── ENTRIES PROVIDED ──

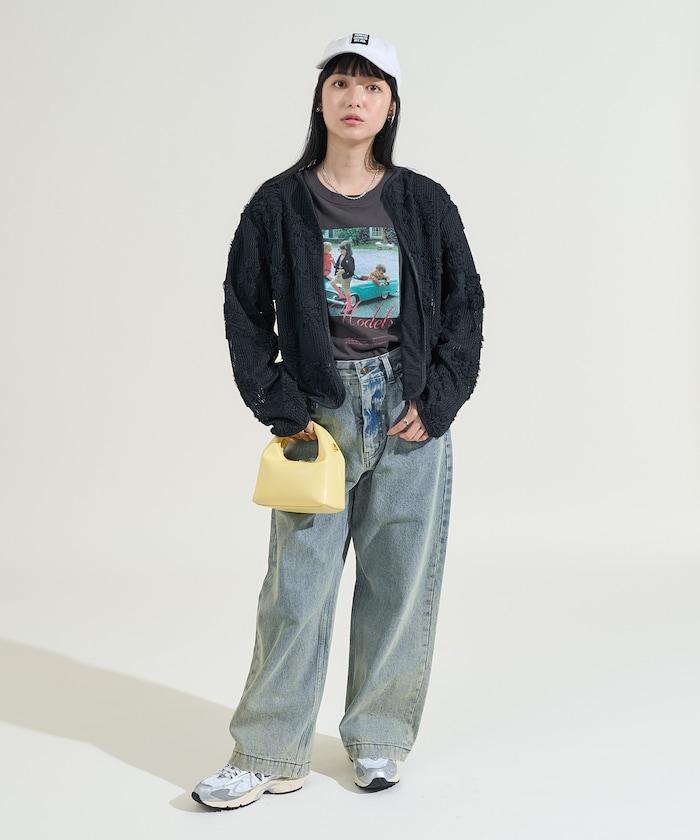 メッシュ花柄 レースカーディガン
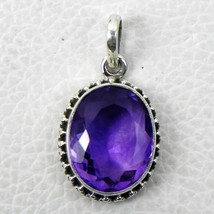 925 Sterling Solid Silver Amethyst Gemstone Handmade Pendant Women Gift PSV-1196 - £29.45 GBP+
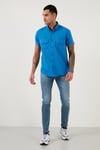Buratti Düğmeli Yaka Pamuklu Slim Fit Cepli Erkek Gömlek CF21S111153 ORTA-MAVİ
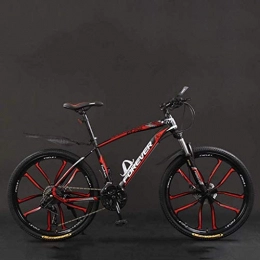 MJY Bici MJY Bicicletta, 26 pollici 21 / 24 / 27 / 30 velocità mountain bike, mountain bike coda dura, bicicletta leggera con sedile regolabile, doppio freno a disco 6-6, Nero rosso, 30 velocità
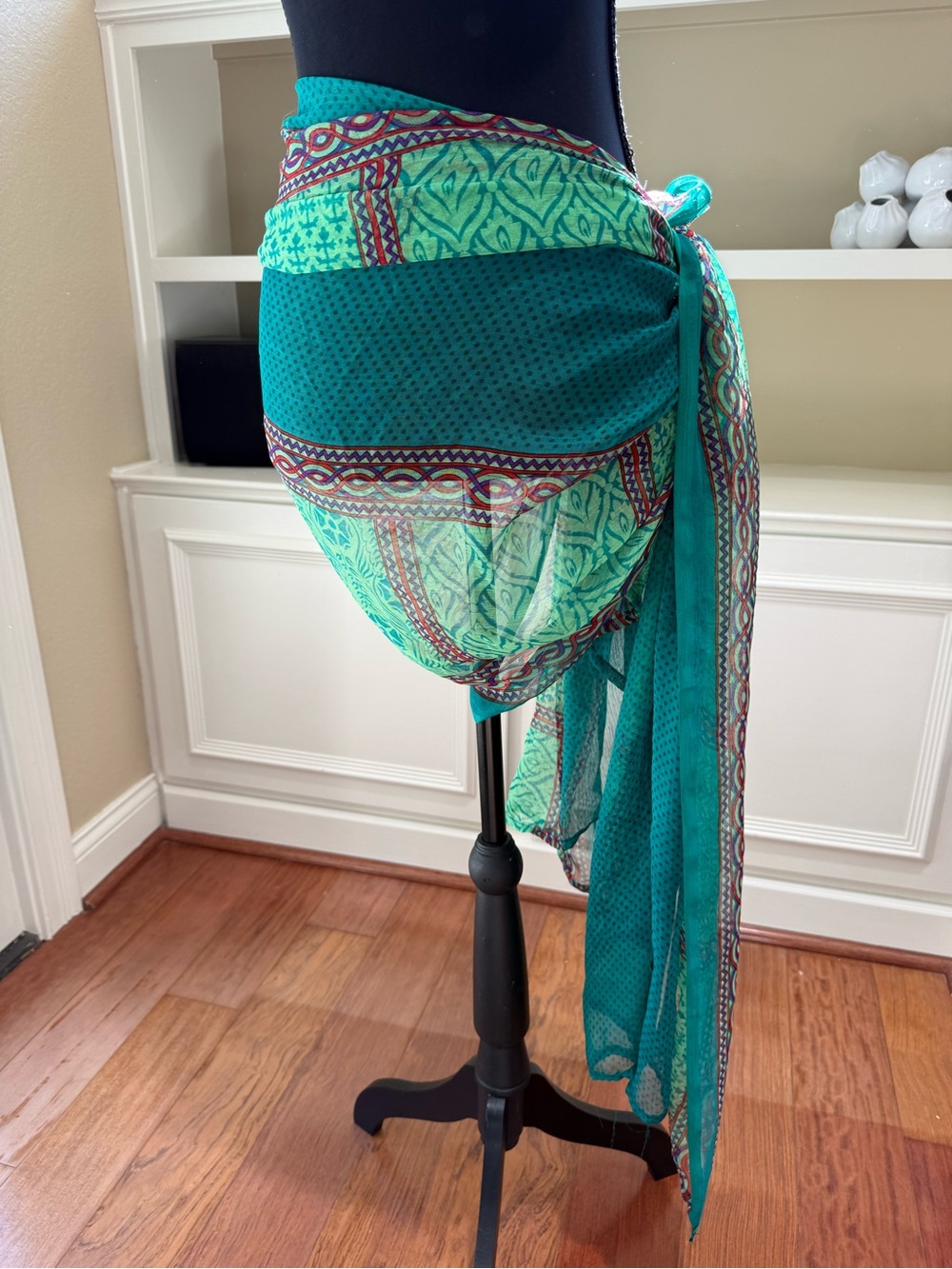 HUGE Scarf 3 X 7 Ft Lightweight Green Teal Patterned Scarf - Women Accessories - Picture 4 of 11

───

→ **BRIEF**:
Copy every record exactly; no pictures.

→ **RESPONSE FOR THIS EXERCISE**:
 メッシュ花柄 レースカーディガン
 925 Sterling Solid Silver Amethyst Gemstone Handmade Pendant Women Gift PSV-1196 - £29.45 GBP+
Buratti Düğmeli Yaka Pamuklu Slim Fit Cepli Erkek Gömlek CF21S111153 ORTA-MAVİ
 MJY Bici MJY Bicicletta, 26 pollici 21 / 24 / 27 / 30 velocità mountain bike, mountain bike coda dura, bicicletta leggera con sedile regolabile, doppio freno a disco 6-6, Nero rosso, 30 velocità
 HUGE Scarf 3 X 7 Ft Lightweight Green Teal Patterned Scarf - Women Accessories - Picture 4 of 11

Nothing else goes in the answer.